A prominent figure in the late-'40s and early-'50s cool-jazz movement, alto saxophonist Lee Konitz performed on Miles Davis's Birth of the Cool and performed with Lennie Tristano and Warne Marsh around that same time. While a number of players were copping Charlie Parker's sound, Konitz took a different approach, opting for more individual phrasing and tone. The now-85-year-old saxophonist, who's due at Dazzle this weekend, went on to release dozens of albums on various labels under his own name.
Among those releases, Konitz has issued some outstanding records recently, including Lee Konitz/Brad Mehldau/Charlie Haden/Paul Motian: Live at Birdland and last year's Enfants Terribles: Live at the Blue Note, which also features Bill Frisell, Gary Peacock and Joey Baron. Konitz is an innovative and masterful improviser whose lyrical phrasing is about as gorgeous as it comes.

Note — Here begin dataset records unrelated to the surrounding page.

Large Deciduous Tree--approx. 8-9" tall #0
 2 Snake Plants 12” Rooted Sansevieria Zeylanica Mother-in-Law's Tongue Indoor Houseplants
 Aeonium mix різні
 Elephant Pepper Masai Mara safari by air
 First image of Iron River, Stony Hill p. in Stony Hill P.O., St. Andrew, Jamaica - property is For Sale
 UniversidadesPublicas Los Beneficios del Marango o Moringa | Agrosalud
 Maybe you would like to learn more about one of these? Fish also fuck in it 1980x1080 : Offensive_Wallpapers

We spoke with Konitz recently about playing with Paul Motian and Lennie Tristano, the importance of a good drummer and playing in the trio format.
Westword: Have you been working on any new recordings?
Lee Konitz: I recorded with the Cologne Radio Orchestra, referred to as the WDR Band, a very fine band, some months ago. It was some really interesting arrangements of my tunes and Tristano's tunes and that kind of a groove, which was very nice. There've been some companies interested in putting it out but I haven't heard that word yet.
I did a session with Ethan Iverson -- a very nice man who I like him very much -- and Larry Grenadier and Jorge Rossy. We did some nice things. I've been listening to that every day, making sure that I'm hearing what I'm hearing. Sometimes it's difficult when you're listening to yourself.
Who are you playing with at Dazzle?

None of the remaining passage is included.